La sede del partito Renaissance di Emmanuel Macron e quella della società di consulenza McKinsey sono state perquisite nell’ambito delle indagini sull’intervento della società statunitense nelle campagne elettorali che nel 2017 e nel 2022 hanno portato l’attuale presidente della Repubblica francese all’Eliseo. La polizia è entrata negli uffici martedì su ordine della Procura nazionale finanziaria di Parigi, che ha confermato le anticipazioni del quotidiano Le Parisien.

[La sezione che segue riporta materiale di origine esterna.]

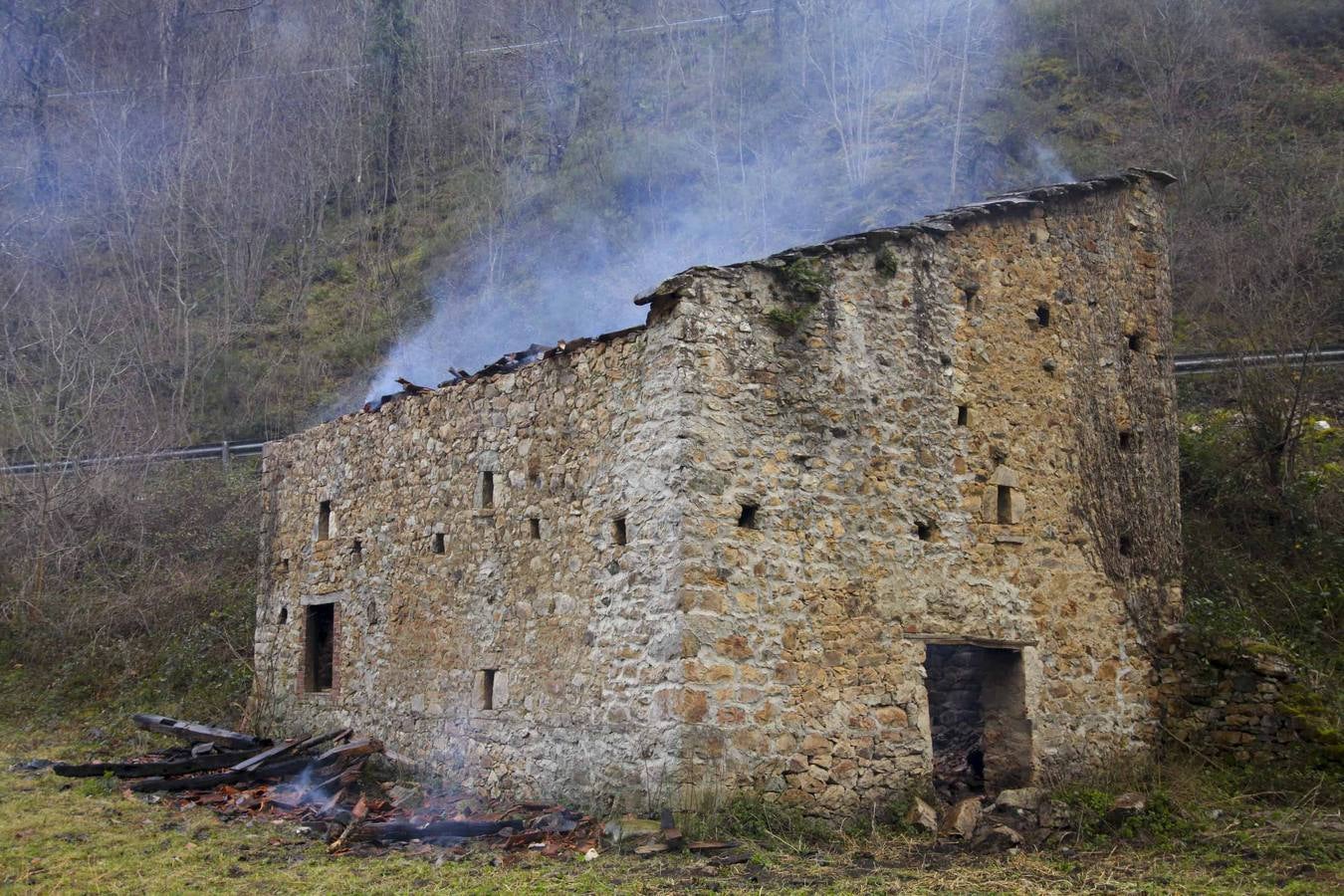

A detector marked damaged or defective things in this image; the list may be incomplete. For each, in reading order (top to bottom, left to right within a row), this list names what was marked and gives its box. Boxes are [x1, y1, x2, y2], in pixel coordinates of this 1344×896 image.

I due fascicoli sul cosiddetto caso McKinsey sono stati resi noti a ottobre: gli inquirenti vogliono capire se il presidente ha affidato incarichi pubblici in maniera illecita alla società di consulenza in cambio di un sostegno economico occulto alla corsa elettorale. L’iniziativa giudiziaria, aveva spiegato il capo della procura Jean-François Bohnert, è stata presa da un lato in seguito alla “relazione del 16 marzo 2022 della Commissione d’inchiesta del Senato sulla crescente influenza delle società di consulenza private sulle politiche pubbliche” e dall’altro “in seguito a diverse segnalazioni e denunce di rappresentanti politici, privati cittadini, eletti e associazioni”.

Una delle due indagini ipotizza falsificazioni dei bilanci delle campagne elettorali, l’altra il “favoritismo”, un reato previsto dal codice penale francese e più o meno equivalente alla nostra turbativa d’asta. Uno dei tre giudici istruttori incaricati di indagare sul caso è Serge Tournaire, noto per aver già incriminato l’ex primo ministro François Fillon e l’ex presidente della Repubblica Nicolas Sarkozy. Nel corso dell’ultima campagna elettorale, Macron era già finito al centro delle polemiche per la quantità di commesse statali affidate a McKinsey, che secondo il rapporto della Commissione d’inchiesta del Senato erano “più che raddoppiate” tra il 2018 e il 2021 (durante il suo primo mandato), fino a raggiungere un record di oltre un miliardo di euro lo scorso anno.